Beatles celebrate 50 years since first single


----------



## Austin Mini (Oct 4, 2012)

I started work in January 1963 with an apprentice wage of ?3-15s per week. With that money I could afford a new record (7/6d) every week. The Beatles was my favourite group and soon had every single/EP & LP they recorded. If only I still had them. The Beatles success led to ammeter groups forming locally which led to Friday and Saturday night dances.

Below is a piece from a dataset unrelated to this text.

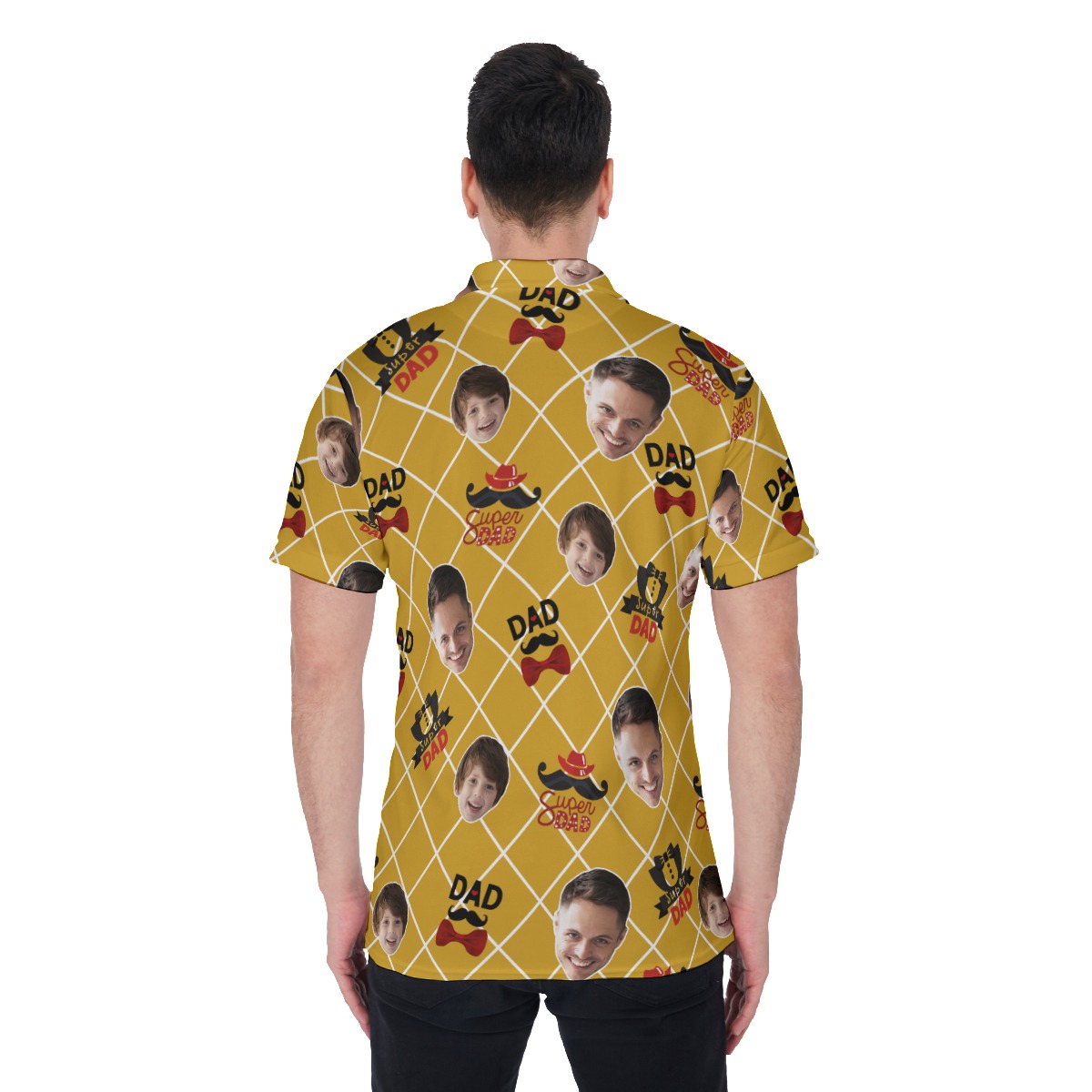 Funny Super Dad Custom Face Hawaiian Polo Shirt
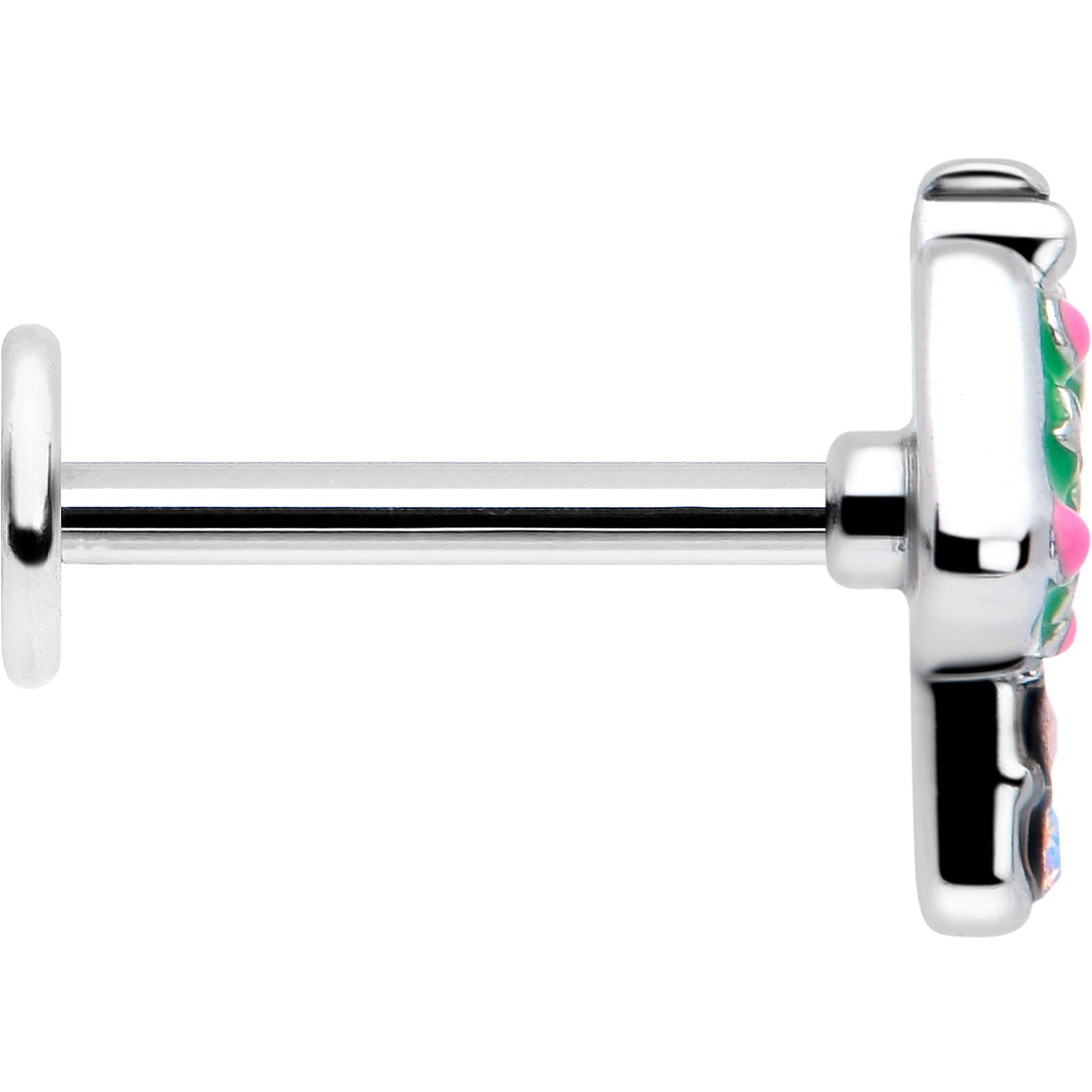 BodyCandy 16G 5/16 Aurora Gem Fanciful Green Mushroom Labret Monroe Tragus — side view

Hooray for the Beatles!


----------



## caffeine_demon (Oct 4, 2012)

ammeter or amateur??


----------



## KateR (Oct 4, 2012)

Wow that makes me feel old.


----------



## Caroline (Oct 4, 2012)

1963 seems so long ago now, I was 5


----------



## Northerner (Oct 4, 2012)

Caroline said:


> 1963 seems so long ago now, I was 5



So was I  Seems like yesterday to me, where did the time go?


----------



## AJLang (Oct 4, 2012)

.......is then I say I wasn't even born.....I think I'll disappear now


----------



## David H (Oct 4, 2012)

Remember them well, had all their records, albums, EP's.

Actually had their red and blue double albums which I bought in Germany each album had additional tracks not available on UK or USA releases.

My son lent them to a friend of his and I never saw them again, it transpired he sold them on E-bay for ?1,400 and bought a ticket to the USA, I was a bit peeved at the time.

There's money in old records, found some 78 records of Cliff Richard and Frank Sinatra both in pristine condition (never played) Cliff Richard 78's worth ?500-?600 and Frank Sinatra slightly less.


----------



## HOBIE (Oct 4, 2012)

Those "pesky kids" make me feel old to kate !    I was born in 63   The yung ins today nar nout !


----------



## trophywench (Oct 5, 2012)

Oy - I was 13 in 1963.

The Beatles & co, all happened just at the 'right' time for me, but unfortunately, led to me never ever learning to jive which I was actually quite proud of at the time (Rockers jived; I was - obviously!- a Mod) (more correctly, a wannabe one) (although count me out of the rioting then and now) but I've mourned the 'loss' of ever since!


----------